Note that this is a companion notebook to my blog article [Improving LoRA: Implementing Weight-Decomposed Low-Rank Adaptation (DoRA) from Scratch](https://magazine.sebastianraschka.com/p/lora-and-dora-from-scratch).

In [1]:
%load_ext watermark
%watermark -a 'Sebastian Raschka' -v -p torch

Author: Sebastian Raschka

Python implementation: CPython
Python version       : 3.10.6
IPython version      : 8.12.0

torch: 2.1.0



In [2]:
import time
import numpy as np
from torchvision import datasets
from torchvision import transforms
from torch.utils.data import DataLoader
import torch.nn.functional as F
import torch.nn as nn
import torch


if torch.cuda.is_available():
    torch.backends.cudnn.deterministic = True

## Settings and Dataset

In [3]:
##########################
### SETTINGS
##########################

# Device
DEVICE = torch.device("cuda" if torch.cuda.is_available() else "cpu")
BATCH_SIZE = 64

##########################
### MNIST DATASET
##########################

# Note transforms.ToTensor() scales input images
# to 0-1 range
train_dataset = datasets.MNIST(root='data', 
                               train=True, 
                               transform=transforms.ToTensor(),
                               download=True)
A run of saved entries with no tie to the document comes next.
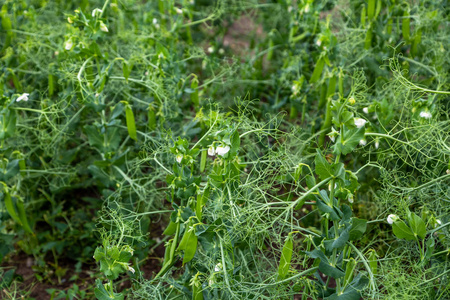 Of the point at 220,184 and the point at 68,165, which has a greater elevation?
the point at 220,184

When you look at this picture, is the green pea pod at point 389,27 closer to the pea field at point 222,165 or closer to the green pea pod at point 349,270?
the pea field at point 222,165

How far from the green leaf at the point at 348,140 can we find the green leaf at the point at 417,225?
34cm

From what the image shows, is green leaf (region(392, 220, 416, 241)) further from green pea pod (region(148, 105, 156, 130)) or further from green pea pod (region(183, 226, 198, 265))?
green pea pod (region(148, 105, 156, 130))

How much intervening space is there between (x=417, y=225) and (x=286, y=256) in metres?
0.46

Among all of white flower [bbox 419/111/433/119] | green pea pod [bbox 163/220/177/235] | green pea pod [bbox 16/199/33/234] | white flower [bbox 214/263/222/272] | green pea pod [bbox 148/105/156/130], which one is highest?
white flower [bbox 419/111/433/119]

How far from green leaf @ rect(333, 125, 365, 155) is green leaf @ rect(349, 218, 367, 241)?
0.24 meters

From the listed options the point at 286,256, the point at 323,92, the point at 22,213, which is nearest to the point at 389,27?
the point at 323,92

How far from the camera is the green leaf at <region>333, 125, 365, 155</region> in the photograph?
166 cm

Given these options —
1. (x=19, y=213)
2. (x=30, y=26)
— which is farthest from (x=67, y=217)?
(x=30, y=26)

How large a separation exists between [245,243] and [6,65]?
1745mm

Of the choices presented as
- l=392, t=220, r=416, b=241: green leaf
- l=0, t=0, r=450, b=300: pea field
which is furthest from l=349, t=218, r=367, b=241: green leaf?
l=392, t=220, r=416, b=241: green leaf

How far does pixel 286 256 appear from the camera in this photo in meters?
1.71

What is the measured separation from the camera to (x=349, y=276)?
5.74 ft

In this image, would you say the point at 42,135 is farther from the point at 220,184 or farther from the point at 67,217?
the point at 220,184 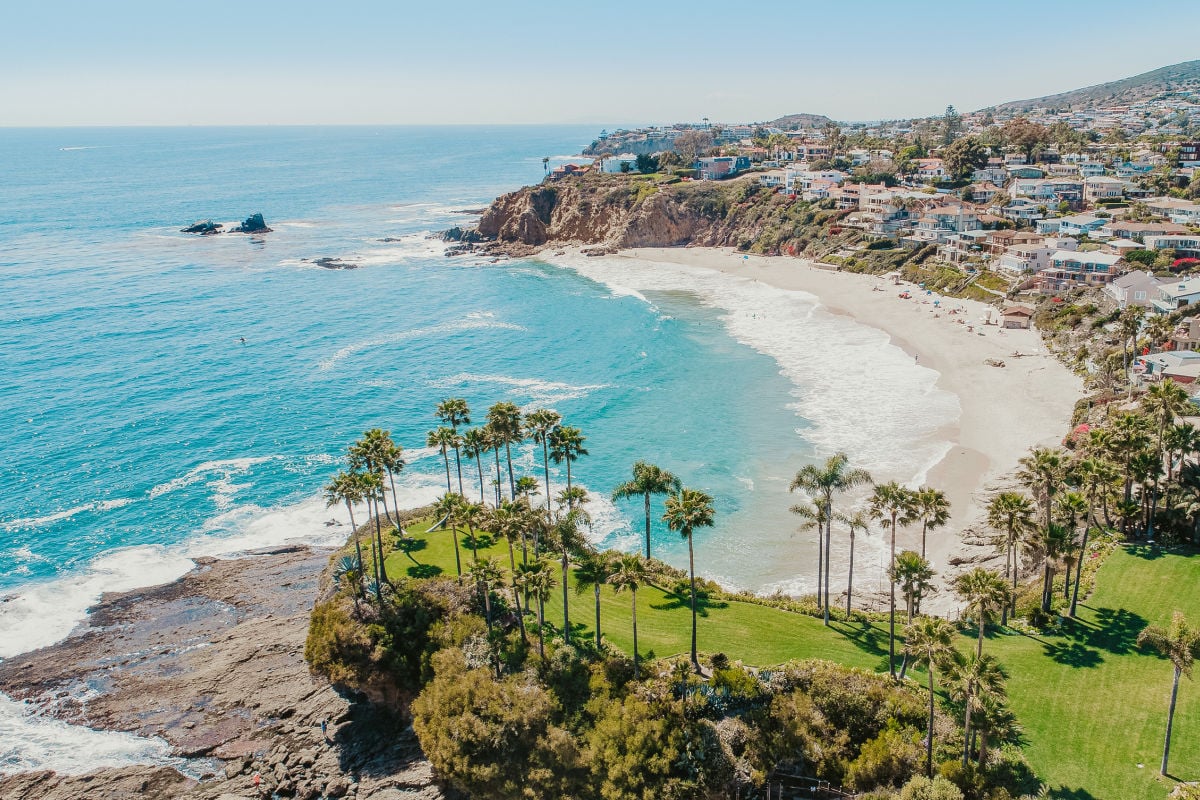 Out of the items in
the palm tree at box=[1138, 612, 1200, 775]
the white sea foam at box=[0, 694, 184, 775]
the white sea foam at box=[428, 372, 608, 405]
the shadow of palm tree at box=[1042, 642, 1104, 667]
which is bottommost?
the white sea foam at box=[0, 694, 184, 775]

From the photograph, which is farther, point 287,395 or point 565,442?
point 287,395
test_dataset = datasets.MNIST(root='data', 
                              train=False, 
                              transform=transforms.ToTensor())


train_loader = DataLoader(dataset=train_dataset, 
                          batch_size=BATCH_SIZE, 
                          shuffle=True)

test_loader = DataLoader(dataset=test_dataset, 
                         batch_size=BATCH_SIZE, 
                         shuffle=False)

# Checking the dataset
for images, labels in train_loader:  
    print('Image batch dimensions:', images.shape)
    print('Image label dimensions:', labels.shape)
    break

Image batch dimensions: torch.Size([64, 1, 28, 28])
Image label dimensions: torch.Size([64])


# Multilayer Perceptron Model (Without LoRA and DoRA)

In [4]:
##########################
### MODEL
##########################

# Hyperparameters
random_seed = 123
learning_rate = 0.005
num_epochs = 2

# Architecture
num_features = 784
num_hidden_1 = 128
num_hidden_2 = 256
num_classes = 10


class MultilayerPerceptron(nn.Module):

    def __init__(self, num_features, num_hidden_1, num_hidden_2, num_classes):
        super().__init__()

        self.layers = nn.Sequential(
            nn.Linear(num_features, num_hidden_1),
            nn.ReLU(),
            nn.Linear(num_hidden_1, num_hidden_2),
            nn.ReLU(),
            nn.Linear(num_hidden_2, num_classes)
        )

    def forward(self, x):
        x = self.layers(x)
        return x


torch.manual_seed(random_seed)
model_pretrained = MultilayerPerceptron(
    num_features=num_features,
    num_hidden_1=num_hidden_1,
    num_hidden_2=num_hidden_2, 
    num_classes=num_classes
)

model_pretrained.to(DEVICE)
optimizer_pretrained = torch.optim.Adam(model_pretrained.parameters(), lr=learning_rate)

In [5]:
def compute_accuracy(model, data_loader, device):
    model.eval()
    correct_pred, num_examples = 0, 0
    with torch.no_grad():
        for features, targets in data_loader:
            features = features.view(-1, 28*28).to(device)
            targets = targets.to(device)
            logits = model(features)
            _, predicted_labels = torch.max(logits, 1)
            num_examples += targets.size(0)
            correct_pred += (predicted_labels == targets).sum()
        return correct_pred.float()/num_examples * 100


def train(num_epochs, model, optimizer, train_loader, device):

    start_time = time.time()
    for epoch in range(num_epochs):
        model.train()
        for batch_idx, (features, targets) in enumerate(train_loader):

            features = features.view(-1, 28*28).to(device)
            targets = targets.to(device)

            # FORWARD AND BACK PROP
            logits = model(features)
            loss = F.cross_entropy(logits, targets)
            optimizer.zero_grad()

            loss.backward()

            # UPDATE MODEL PARAMETERS
            optimizer.step()

            # LOGGING
            if not batch_idx % 400:
                print('Epoch: %03d/%03d | Batch %03d/%03d | Loss: %.4f'
                      % (epoch+1, num_epochs, batch_idx,
                          len(train_loader), loss))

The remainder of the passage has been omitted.